• [To do] Every line of the entries with the word "View" in it should be shown.

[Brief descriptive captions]
◆ ◆ ◆ ◆

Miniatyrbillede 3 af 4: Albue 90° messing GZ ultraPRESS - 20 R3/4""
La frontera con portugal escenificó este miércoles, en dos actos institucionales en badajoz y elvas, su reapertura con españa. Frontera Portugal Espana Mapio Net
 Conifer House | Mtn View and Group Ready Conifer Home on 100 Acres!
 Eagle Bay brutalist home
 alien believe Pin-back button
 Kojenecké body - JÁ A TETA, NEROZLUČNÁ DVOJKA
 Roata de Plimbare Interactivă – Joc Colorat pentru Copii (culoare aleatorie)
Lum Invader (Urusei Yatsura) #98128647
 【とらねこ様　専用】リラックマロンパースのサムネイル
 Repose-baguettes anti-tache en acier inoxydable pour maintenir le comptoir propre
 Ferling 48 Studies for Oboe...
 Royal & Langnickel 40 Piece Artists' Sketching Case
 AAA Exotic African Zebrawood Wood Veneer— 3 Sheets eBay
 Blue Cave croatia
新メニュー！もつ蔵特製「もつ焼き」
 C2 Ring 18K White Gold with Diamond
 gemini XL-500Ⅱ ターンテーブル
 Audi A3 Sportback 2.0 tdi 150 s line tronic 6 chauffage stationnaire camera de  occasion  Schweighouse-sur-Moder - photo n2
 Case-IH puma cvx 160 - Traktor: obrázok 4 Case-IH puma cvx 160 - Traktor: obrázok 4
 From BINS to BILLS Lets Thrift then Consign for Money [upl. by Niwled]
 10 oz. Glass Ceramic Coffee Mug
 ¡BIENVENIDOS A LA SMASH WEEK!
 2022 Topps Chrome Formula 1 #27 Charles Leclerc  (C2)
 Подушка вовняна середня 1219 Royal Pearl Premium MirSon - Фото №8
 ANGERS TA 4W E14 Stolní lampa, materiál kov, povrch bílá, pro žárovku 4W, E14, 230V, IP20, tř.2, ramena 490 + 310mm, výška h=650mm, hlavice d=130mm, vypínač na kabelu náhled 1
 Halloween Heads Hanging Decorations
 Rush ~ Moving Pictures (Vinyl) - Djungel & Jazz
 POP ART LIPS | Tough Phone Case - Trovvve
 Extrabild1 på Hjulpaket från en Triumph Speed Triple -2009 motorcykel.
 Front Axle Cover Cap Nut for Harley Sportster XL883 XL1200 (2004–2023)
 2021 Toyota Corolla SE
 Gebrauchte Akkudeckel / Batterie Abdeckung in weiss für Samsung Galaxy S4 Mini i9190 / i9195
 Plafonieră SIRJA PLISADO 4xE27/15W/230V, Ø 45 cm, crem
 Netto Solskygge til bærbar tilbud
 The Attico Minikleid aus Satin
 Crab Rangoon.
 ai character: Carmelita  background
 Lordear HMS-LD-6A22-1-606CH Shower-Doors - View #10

◆ ◆ ◆ ◆

• [Reply to the exercise]
 Conifer House | Mtn View and Group Ready Conifer Home on 100 Acres!
 Lordear HMS-LD-6A22-1-606CH Shower-Doors - View #10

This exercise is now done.